● Data supplied:
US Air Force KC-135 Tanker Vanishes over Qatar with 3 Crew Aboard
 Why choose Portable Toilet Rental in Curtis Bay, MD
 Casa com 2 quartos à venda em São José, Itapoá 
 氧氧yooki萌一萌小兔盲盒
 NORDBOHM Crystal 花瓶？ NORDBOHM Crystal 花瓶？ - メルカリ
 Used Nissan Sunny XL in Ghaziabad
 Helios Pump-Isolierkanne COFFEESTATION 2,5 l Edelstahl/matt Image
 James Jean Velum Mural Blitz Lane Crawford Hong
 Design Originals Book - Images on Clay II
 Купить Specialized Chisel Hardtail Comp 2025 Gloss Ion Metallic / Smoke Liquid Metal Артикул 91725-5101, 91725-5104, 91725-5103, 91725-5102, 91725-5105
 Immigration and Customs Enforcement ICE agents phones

● What is expected:
Copy out only the lines of the records above from the one with "氧氧yooki萌一萌小兔盲盒" through the one with "Купить Specialized Chisel", exactly as they stand, both included.

● Response area:
 氧氧yooki萌一萌小兔盲盒
 NORDBOHM Crystal 花瓶？ NORDBOHM Crystal 花瓶？ - メルカリ
 Used Nissan Sunny XL in Ghaziabad
 Helios Pump-Isolierkanne COFFEESTATION 2,5 l Edelstahl/matt Image
 James Jean Velum Mural Blitz Lane Crawford Hong
 Design Originals Book - Images on Clay II
 Купить Specialized Chisel Hardtail Comp 2025 Gloss Ion Metallic / Smoke Liquid Metal Артикул 91725-5101, 91725-5104, 91725-5103, 91725-5102, 91725-5105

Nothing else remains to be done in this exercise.